Dzieci dyktatorów Claude Quétel 6,2
ocenił(a) na 15 lata temu NIE POLECAM.
Po pierwsze - kiepskie tłumaczenie, fatalny język, nagminne gubienie tożsamości podmiotu. Na przykład fragment o Augusto Osvaldo, synu gen.Pinocheta. Kto zezwolił, kto usypiał, a kto pił? Z kontekstu wynika, że kompletnie pijany był syn Pinocheta, niestety z tekstu - że generał był bity, a potem zasypiał kompletnie pijany. (notabene syn Pinocheta dosłużył się tylko stopnia kapitana) Polska język, trudna język.
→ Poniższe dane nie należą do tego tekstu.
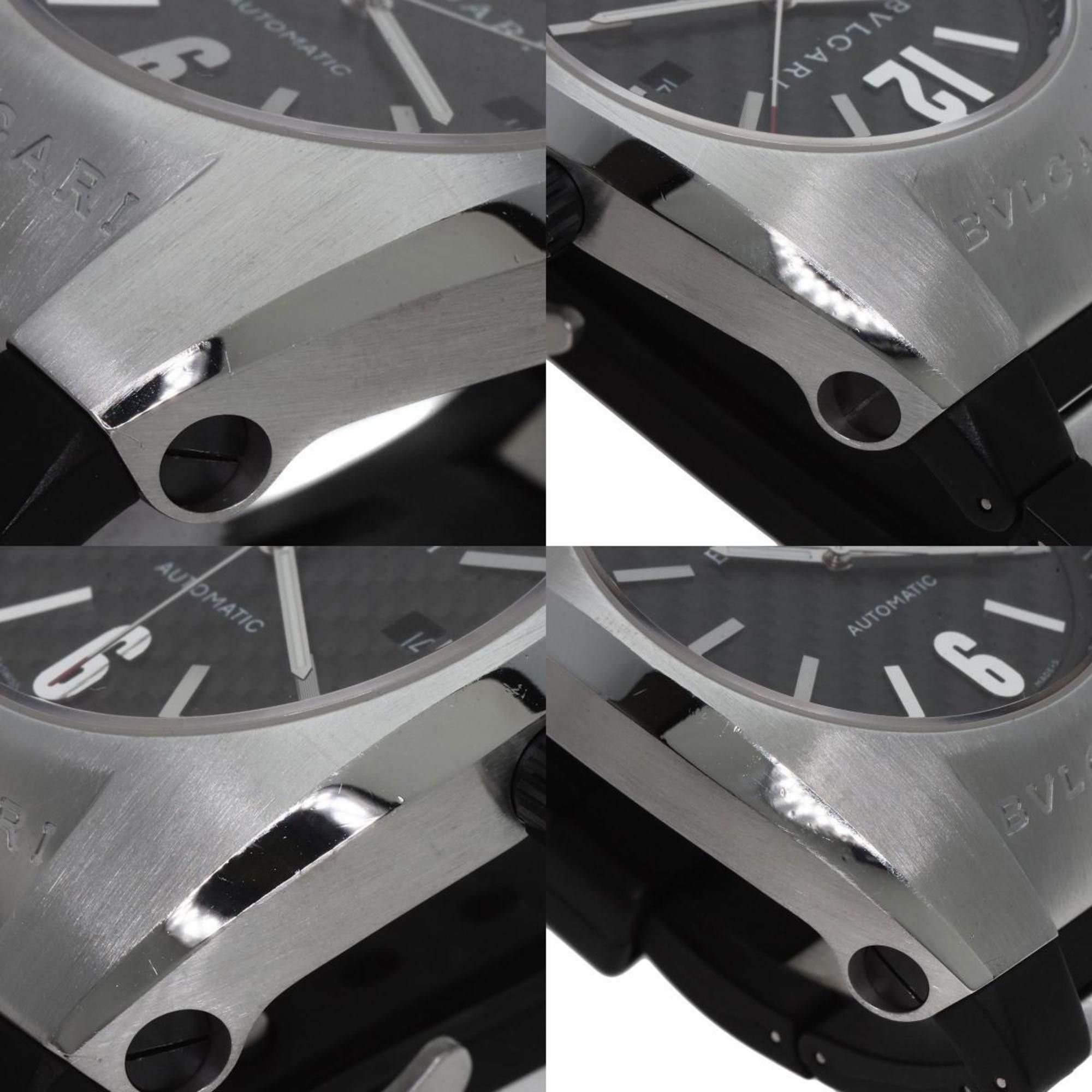 Bvlgari Bvlgari EG40 Ergon Carbon Watch Stainless Steel Rubber Men's Size ONE SIZE - 7 Thumbnail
Albo zdanie: "Falaka jest wyjątkowo bolesna. Stopy puchną i przez kilka dni nie może ona chodzić. (falaka nie może chodzić?). Czasami poważnie zakłóca to równowagę." (czyją? Co czasem poważnie zakłóca równowagę? Ewentualnie, równowagę czego?)
Od tego typu błędów tekst się roi.
Ja rozumiem, że może się tak pomylić zwykły człowiek, nawet wykształcony, nawet polonista może niechcący zrobić taki lapsus. Ale nie w publikacji, którą rzekomo przejrzał jeszcze sztab redaktorów i korektorów!
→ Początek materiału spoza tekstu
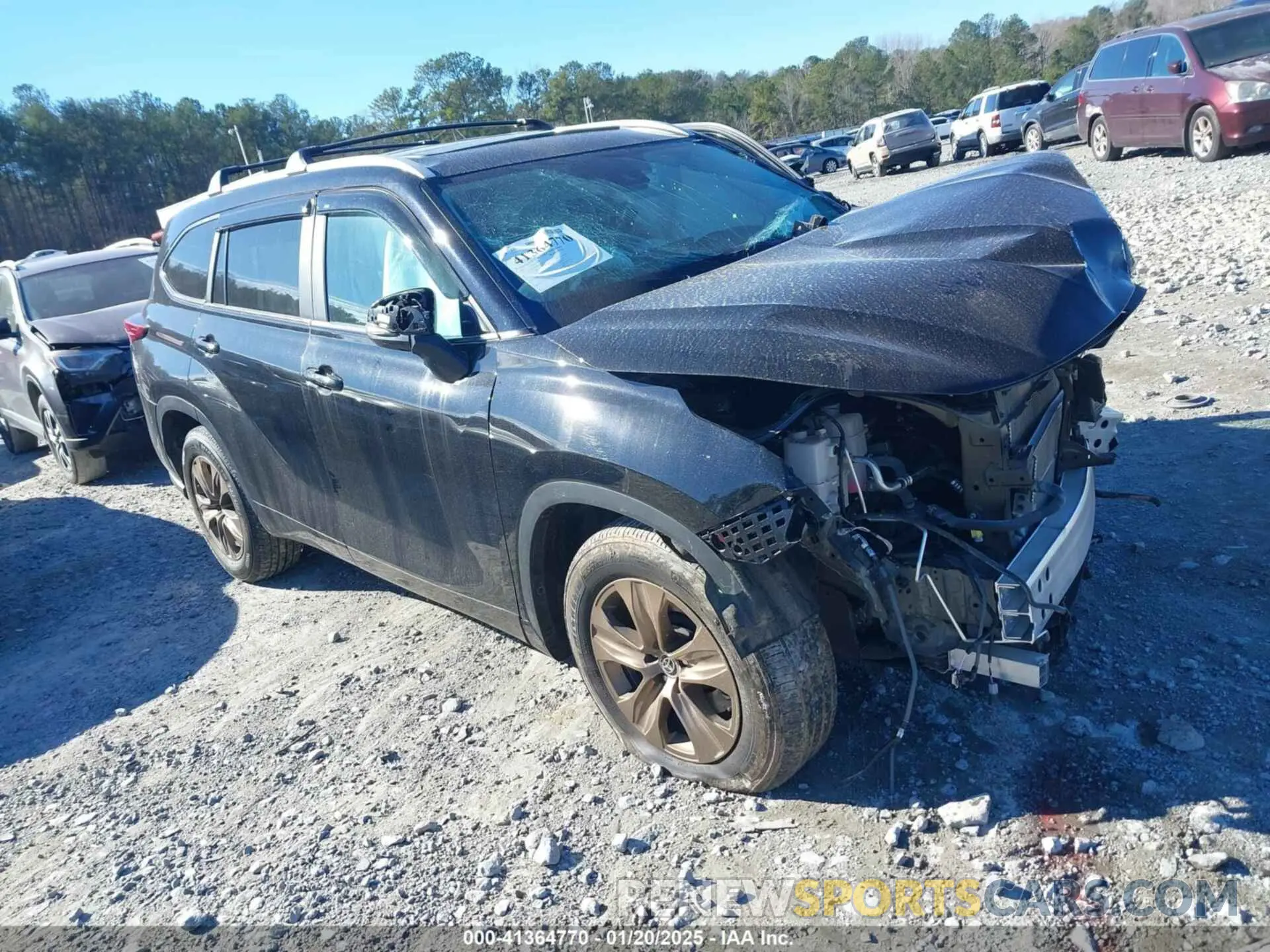1 Photograph of a damaged car 5TDAARAH0PS524752 TOYOTA HIGHLANDER 2023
To nie jedyny mój zarzut dotyczący języka.
Dawno, dawno temu, jeszcze przed transformacją ustrojową, był taki program w radiu, jeśli dobrze zapamiętałam nazwę, bo byłam wtedy dzieckiem, nazywał się "Tu jedynka!"
Czytając "Dzieci dyktatorów" miałam wrażenie, że słucham propagandowych politycznych felietonów Jedynki. Najeżone przymiotnikami zdania, słowa w rodzaju "despota", "Caudillo" i inne o wyraźnie pejoratywnym charakterze, prześmiewcze aluzje, teksty w rodzaju "plotka głosi, że... i wprawdzie nie ma dowodów na prawdziwość tej plotki, ale jednak ją przytaczamy".
Dla mnie tekst dziennikarski powinien być bezstronny. Przemawiać mają fakty.
Tymczasem tu było wyraźnie pokazane, jakie są sympatie i polityczne i personalne autora tekstu - wszystkie te rzekome reportaże to w rzeczywistości były paszkwile mające na celu jak największe ośmieszenie lub zdyskredytowanie opisywanych dyktatorów. (abstrahuję teraz od oceny moralnej dyktatorów, po prostu uważam, że czytelnik sam powinien wyrobić sobie zdanie, zapoznawszy się z faktami. Tu faktów brak, a jeśli pojawiają się jakieś, to przeważnie bez odniesienia do źródła, nie wiadomo więc, co jest faktem, co plotką, a co pomówieniem).
Jeden tylko tekst wypowiadał się z sympatią o pewnej rodzinie (również stronniczość, ale w drugą stronę). Jeśli ktoś zdecyduje się poczytać tę tubę propagandową z czystej naukowej ciekawości - na pewno zauważy, o kim mowa.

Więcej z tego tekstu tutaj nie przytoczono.